Activity =>
All lines from the opening of the data to the line containing "Eugene, OR 97402" must be returned unchanged, and only those lines.

Short text fragments from websites =>

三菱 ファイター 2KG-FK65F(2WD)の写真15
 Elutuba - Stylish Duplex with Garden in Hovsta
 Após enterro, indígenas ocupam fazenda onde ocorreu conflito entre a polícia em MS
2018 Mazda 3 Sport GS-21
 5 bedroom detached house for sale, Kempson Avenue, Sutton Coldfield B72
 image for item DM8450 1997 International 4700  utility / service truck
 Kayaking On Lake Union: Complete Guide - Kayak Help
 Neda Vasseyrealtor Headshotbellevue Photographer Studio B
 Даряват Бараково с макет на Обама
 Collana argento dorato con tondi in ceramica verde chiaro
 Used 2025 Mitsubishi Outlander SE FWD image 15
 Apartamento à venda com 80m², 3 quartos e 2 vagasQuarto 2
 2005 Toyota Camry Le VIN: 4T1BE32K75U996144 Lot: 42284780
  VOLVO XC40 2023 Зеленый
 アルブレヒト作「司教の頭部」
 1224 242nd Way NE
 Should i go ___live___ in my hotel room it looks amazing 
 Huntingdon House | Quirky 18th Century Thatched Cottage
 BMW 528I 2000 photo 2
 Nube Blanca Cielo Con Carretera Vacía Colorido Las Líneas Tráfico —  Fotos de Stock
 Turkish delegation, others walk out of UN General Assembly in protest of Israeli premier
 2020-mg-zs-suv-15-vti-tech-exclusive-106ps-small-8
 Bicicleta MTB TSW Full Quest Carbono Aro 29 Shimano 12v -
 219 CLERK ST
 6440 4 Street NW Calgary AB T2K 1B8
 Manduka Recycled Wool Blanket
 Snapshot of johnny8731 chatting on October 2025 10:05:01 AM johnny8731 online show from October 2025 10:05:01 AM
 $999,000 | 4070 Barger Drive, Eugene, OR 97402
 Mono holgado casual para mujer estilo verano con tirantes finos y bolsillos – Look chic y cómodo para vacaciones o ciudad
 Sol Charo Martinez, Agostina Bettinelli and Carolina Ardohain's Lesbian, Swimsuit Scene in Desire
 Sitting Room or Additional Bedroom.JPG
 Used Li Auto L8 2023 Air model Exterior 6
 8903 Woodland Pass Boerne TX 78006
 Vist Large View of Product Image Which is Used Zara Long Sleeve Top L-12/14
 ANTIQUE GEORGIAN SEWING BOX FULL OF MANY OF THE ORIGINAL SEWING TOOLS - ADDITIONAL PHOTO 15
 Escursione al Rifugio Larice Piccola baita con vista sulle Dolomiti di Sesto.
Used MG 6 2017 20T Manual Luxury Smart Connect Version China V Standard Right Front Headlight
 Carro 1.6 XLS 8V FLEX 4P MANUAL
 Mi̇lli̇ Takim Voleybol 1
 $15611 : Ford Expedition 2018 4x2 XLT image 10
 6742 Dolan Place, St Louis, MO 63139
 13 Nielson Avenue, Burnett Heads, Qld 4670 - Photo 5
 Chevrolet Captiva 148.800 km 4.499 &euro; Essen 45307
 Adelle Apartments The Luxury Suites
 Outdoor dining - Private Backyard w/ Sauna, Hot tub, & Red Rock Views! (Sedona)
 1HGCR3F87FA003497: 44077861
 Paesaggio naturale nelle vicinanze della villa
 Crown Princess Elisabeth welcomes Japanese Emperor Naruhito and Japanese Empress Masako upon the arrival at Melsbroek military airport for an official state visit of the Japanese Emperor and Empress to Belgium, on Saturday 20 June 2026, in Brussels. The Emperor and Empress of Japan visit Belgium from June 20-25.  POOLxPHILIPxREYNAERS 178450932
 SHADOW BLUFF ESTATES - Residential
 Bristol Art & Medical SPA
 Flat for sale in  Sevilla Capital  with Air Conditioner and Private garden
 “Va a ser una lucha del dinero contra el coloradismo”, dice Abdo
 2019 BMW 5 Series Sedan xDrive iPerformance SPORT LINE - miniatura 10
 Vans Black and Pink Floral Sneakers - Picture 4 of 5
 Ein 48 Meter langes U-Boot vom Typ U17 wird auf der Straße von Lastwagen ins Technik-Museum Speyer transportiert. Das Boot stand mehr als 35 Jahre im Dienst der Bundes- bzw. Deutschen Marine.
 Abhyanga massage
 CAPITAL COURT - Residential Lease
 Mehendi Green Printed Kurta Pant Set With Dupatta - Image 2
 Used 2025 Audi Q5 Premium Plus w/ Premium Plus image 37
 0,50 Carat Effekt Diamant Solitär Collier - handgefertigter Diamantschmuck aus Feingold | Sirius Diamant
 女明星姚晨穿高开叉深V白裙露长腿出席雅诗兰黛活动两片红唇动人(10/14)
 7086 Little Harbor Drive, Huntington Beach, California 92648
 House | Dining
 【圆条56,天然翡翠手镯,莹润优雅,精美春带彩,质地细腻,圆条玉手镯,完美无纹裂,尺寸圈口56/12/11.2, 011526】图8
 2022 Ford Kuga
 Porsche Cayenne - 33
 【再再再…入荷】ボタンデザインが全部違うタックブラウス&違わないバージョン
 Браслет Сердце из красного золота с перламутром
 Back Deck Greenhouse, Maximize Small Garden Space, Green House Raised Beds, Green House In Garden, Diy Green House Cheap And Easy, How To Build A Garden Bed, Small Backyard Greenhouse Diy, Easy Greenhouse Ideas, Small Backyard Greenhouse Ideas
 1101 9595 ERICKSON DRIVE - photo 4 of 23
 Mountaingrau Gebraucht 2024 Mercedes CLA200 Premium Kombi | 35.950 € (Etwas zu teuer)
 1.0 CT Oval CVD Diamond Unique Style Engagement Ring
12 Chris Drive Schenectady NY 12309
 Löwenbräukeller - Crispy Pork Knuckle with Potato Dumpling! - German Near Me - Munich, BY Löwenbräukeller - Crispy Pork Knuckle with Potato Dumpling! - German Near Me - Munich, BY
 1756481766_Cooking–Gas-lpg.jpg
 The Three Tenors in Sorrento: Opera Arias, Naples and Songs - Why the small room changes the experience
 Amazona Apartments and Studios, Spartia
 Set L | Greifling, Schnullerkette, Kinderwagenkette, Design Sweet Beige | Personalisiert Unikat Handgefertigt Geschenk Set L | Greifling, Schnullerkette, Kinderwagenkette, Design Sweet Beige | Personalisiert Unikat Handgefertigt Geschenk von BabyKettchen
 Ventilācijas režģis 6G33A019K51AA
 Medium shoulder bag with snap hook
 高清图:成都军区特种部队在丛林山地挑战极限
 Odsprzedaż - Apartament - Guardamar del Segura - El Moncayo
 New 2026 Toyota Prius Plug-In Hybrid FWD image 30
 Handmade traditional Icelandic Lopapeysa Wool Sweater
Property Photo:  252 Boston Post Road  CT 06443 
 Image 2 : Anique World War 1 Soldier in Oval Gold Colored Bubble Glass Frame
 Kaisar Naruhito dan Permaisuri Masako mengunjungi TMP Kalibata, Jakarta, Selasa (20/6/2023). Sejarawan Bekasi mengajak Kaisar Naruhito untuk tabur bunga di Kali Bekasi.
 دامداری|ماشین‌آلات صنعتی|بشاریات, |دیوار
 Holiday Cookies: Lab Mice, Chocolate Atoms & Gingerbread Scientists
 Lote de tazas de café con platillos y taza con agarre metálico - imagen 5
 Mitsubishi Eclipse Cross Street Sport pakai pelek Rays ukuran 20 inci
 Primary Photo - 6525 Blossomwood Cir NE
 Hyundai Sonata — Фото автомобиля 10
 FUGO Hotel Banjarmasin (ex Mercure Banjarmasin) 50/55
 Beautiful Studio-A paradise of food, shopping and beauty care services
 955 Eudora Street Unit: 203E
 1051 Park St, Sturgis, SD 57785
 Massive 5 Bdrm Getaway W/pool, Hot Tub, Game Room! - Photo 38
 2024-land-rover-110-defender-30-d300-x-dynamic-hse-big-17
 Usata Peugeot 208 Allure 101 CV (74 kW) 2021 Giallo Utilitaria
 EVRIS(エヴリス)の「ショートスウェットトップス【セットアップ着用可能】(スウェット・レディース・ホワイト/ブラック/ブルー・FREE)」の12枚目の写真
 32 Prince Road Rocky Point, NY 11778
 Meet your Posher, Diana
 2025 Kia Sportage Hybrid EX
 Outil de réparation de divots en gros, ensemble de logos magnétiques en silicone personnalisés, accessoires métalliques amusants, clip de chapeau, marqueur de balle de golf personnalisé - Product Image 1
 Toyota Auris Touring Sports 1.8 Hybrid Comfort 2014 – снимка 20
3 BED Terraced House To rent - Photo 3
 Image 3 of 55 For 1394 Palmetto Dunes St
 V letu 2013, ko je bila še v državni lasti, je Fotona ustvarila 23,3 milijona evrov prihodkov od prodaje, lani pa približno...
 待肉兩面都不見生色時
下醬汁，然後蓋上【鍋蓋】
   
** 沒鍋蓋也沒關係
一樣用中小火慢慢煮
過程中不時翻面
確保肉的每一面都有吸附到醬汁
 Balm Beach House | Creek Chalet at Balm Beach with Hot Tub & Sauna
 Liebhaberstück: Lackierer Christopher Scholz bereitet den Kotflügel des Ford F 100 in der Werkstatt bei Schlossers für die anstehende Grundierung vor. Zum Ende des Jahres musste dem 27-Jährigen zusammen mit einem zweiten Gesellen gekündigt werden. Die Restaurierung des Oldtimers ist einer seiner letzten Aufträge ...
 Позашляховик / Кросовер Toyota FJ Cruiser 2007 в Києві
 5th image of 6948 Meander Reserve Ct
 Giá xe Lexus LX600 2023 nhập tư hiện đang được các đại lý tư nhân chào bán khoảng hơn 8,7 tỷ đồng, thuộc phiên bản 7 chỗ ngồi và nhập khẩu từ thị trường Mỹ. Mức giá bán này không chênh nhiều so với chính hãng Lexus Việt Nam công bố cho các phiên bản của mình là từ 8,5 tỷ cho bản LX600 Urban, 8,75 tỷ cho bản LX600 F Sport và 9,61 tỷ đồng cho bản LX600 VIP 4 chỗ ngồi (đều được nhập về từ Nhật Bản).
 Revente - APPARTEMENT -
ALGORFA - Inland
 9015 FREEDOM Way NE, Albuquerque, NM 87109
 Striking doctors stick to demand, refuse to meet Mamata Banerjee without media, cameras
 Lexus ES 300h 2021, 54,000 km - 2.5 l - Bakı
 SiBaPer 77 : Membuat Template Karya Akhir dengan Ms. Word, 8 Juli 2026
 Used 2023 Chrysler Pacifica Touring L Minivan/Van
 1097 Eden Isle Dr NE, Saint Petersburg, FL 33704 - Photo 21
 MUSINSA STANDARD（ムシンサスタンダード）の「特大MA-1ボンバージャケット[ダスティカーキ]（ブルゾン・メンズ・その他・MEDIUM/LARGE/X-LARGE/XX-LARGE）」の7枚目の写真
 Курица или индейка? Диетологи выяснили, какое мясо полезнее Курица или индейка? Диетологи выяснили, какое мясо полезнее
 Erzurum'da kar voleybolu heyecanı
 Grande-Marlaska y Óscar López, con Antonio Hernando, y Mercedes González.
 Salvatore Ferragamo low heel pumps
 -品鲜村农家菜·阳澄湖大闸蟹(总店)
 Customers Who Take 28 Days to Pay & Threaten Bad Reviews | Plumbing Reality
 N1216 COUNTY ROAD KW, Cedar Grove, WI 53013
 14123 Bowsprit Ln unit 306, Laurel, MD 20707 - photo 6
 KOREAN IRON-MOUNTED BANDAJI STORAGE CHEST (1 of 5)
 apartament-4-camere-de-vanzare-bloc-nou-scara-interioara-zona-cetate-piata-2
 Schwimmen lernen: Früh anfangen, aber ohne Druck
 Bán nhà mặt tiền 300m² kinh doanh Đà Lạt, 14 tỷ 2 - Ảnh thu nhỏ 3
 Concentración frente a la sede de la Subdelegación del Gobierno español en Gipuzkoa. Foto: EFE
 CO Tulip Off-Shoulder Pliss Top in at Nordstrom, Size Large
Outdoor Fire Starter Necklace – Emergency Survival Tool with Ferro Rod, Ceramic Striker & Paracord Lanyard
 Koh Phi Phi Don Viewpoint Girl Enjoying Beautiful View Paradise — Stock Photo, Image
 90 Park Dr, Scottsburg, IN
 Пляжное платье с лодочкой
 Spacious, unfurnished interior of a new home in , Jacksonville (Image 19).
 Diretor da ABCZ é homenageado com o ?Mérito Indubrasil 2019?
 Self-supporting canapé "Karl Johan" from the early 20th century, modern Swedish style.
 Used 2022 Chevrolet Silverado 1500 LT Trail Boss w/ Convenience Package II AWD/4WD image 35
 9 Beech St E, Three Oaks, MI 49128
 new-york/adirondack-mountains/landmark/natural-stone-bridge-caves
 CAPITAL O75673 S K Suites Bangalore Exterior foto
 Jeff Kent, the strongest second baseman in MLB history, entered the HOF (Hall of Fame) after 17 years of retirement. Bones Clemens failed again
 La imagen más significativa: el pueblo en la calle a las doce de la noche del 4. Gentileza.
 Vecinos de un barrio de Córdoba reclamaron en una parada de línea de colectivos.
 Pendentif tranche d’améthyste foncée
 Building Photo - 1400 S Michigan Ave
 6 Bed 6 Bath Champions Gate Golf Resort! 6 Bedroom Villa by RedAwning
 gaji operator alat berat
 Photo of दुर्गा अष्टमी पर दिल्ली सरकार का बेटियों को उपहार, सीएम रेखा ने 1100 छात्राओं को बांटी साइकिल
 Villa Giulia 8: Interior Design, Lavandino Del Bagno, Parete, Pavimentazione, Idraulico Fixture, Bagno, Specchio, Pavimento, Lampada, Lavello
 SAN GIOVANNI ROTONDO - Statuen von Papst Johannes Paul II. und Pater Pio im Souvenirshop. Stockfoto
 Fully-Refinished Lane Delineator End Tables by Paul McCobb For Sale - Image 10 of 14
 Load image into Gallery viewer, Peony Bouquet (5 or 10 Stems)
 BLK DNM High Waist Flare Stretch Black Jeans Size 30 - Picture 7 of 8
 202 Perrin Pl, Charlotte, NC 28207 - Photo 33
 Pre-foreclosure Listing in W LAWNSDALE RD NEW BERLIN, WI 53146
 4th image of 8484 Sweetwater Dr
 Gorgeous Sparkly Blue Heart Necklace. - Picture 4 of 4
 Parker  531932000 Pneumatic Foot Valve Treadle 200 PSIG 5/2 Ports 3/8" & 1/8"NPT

Task answer =>
三菱 ファイター 2KG-FK65F(2WD)の写真15
 Elutuba - Stylish Duplex with Garden in Hovsta
 Após enterro, indígenas ocupam fazenda onde ocorreu conflito entre a polícia em MS
2018 Mazda 3 Sport GS-21
 5 bedroom detached house for sale, Kempson Avenue, Sutton Coldfield B72
 image for item DM8450 1997 International 4700  utility / service truck
 Kayaking On Lake Union: Complete Guide - Kayak Help
 Neda Vasseyrealtor Headshotbellevue Photographer Studio B
 Даряват Бараково с макет на Обама
 Collana argento dorato con tondi in ceramica verde chiaro
 Used 2025 Mitsubishi Outlander SE FWD image 15
 Apartamento à venda com 80m², 3 quartos e 2 vagasQuarto 2
 2005 Toyota Camry Le VIN: 4T1BE32K75U996144 Lot: 42284780
  VOLVO XC40 2023 Зеленый
 アルブレヒト作「司教の頭部」
 1224 242nd Way NE
 Should i go ___live___ in my hotel room it looks amazing 
 Huntingdon House | Quirky 18th Century Thatched Cottage
 BMW 528I 2000 photo 2
 Nube Blanca Cielo Con Carretera Vacía Colorido Las Líneas Tráfico —  Fotos de Stock
 Turkish delegation, others walk out of UN General Assembly in protest of Israeli premier
 2020-mg-zs-suv-15-vti-tech-exclusive-106ps-small-8
 Bicicleta MTB TSW Full Quest Carbono Aro 29 Shimano 12v -
 219 CLERK ST
 6440 4 Street NW Calgary AB T2K 1B8
 Manduka Recycled Wool Blanket
 Snapshot of johnny8731 chatting on October 2025 10:05:01 AM johnny8731 online show from October 2025 10:05:01 AM
 $999,000 | 4070 Barger Drive, Eugene, OR 97402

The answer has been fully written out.